Vmwares Funktion besteht darin, mehrere Betriebssysteme mitsamt ihren Anwendungen gleichzeitig zu ermöglichen - auf einer einzigen realen Maschine. Das Clevere daran ist, dass diese Betriebssysteme und Applikationen in sicheren virtuellen Maschinen abgekapselt sind, die auf einer Hardware-Plattform koexistieren. Die Hardware-Ressourcen des Host-Rechners werden den Ressourcen der virtuellen Maschinen zugeordnet, sodass jede virtuelle Maschine ihre eigene CPU und Festplatte, eigenen Speicher, eigene Peripherie und so weiter besitzt (natürlich nur virtuell).

Eine virtuelle Maschine entspricht grob gesagt einem Standard-x86-System - man sollte also nicht die volle Power einer Workstation erwarten. Die Möglichkeit, mehrere Systeme gleichzeitig auf einem realen zu betreiben, ohne dass diese sich gegenseitig überschreiben, sollte die geringere Leistung mehr als wettmachen.

Das neueste Update der Software bietet auch bisherigen Nutzern von Vmware viel, Unterstützung zusätzlicher Geräte, bessere Performance und mächtige Zusatzfunktionen. Die Integration von Host- und Gast-Betriebssystemen wurde verbessert, und man kann jetzt 32-Bit-Gast-Betriebssysteme auf einem 64-Bit-Host-Computer mit AMD 64 Opteron-, Athlon 64- oder Intel-IA-32e-CPU betreiben. Das Limit für einzelne virtuelle Maschinen liegt nun bei 3,6 GByte Speicher, wobei die Summe 4 GByte Speicher nicht übersteigen darf. Es wird jetzt ein "Pre-boot execution environment" (PXE) angeboten, mit dem es möglich ist, Betriebssysteme (darunter auch die nächste Windows-Version Longhorn) auf virtuellen Maschinen über ein Unternehmensnetzwerk zu installieren und zu booten. Die Leistung der Virtual Machine ist jetzt über den Windows-Monitor "Systemleistung" überprüfbar, und an den Host angeschlossene USB-Geräte stehen virtuellen Maschinen zur Verfügung. Außerdem wurde die Unterstützung für Linux mit Kernel 2.6.x als Gast-OS verbessert. Auch können nun Solaris x86 Platform Edition 9 (experimentelle Unterstützung) und die Beta-Version 10 (ebenfalls experimentell) installiert werden. Und schließlich kann sich Vmware jetzt automatisch nach verfügbaren Updates umsehen, ganz im Stil von Windows.

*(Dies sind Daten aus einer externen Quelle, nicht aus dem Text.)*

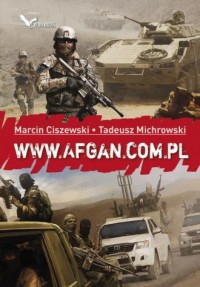 www afgan com pl - okładka książki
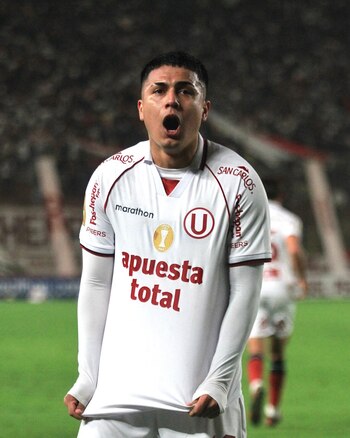 Con su golazo a Sport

Angenehm ist auch, dass virtuelle Maschinen gemeinsame Ordner nutzen können, und dass es möglich ist, Dateien mit gedrücketer Maustaste beziehungsweise durch Kopieren und Einfügen zwischen Gast- und Host-Betriebssystemen hin und her zu verschieben. Man kann jederzeit einen "Schnappschuss" (eine vollständige Kopie des Status einer Virtual Machine zu einem bestimmten Zeitpunkt) erstellen und ihn abspeichern - und natürlich jederzeit wieder herstellen, um das immer gleiche Testen und Konfigurieren von Systemen abzukürzen. Für virtuelle Netzwerke stehen NAT-Geräte, DHCP-Server und diverse Netzwerk-Switches zur Verfügung, während für natives Programm-Debugging innerhalb der Maschine sowohl User-Level- als auch Kernel-Level-Debugger unterstützt werden.

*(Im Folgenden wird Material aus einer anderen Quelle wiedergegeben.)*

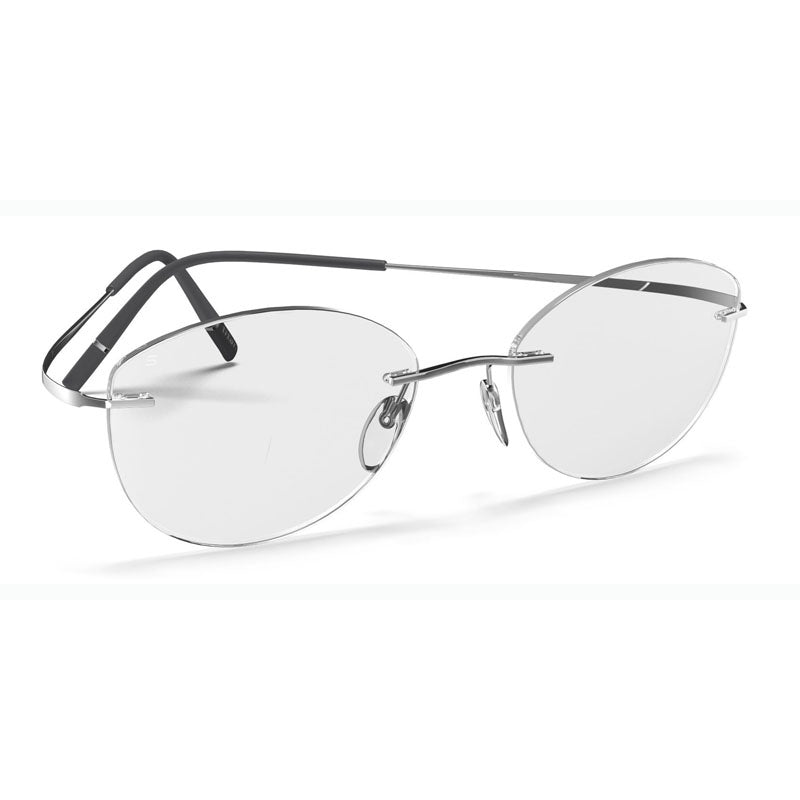 Brille Silhouette, Modell: TitanMinimalArt5599HY Farbe: 7000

Neue Betriebssysteme aufzusetzen ist so einfach wie die Installation einer gewöhnlichen Windows-Applikation. Ist ein Gast-OS einmal eingerichtet, kann man über die Reiter der Software zwischen beiden wechseln. Ist eine virtuelle Maschine aktiv, wird ihr Name auf einem Reiter im VM-Fenster angezeigt.

Leider gibt es keine Unterstützung für die Spiele-API von Microsoft, sodass es nicht möglich ist, aktuelle 3D-Spiele mit DirectX-Technologie in einem Gast-Betriebssystem ablaufen zu lassen. Das ist insbesondere für Linux-User schade, die also keine Windows-Spiele innerhalb eines virtuellen Windows auf ihrem Linux-Desktop verwenden können. Andere Anwendertypen sind mit Vmware Workstation 4.5.2 aber mehr als gut bedient.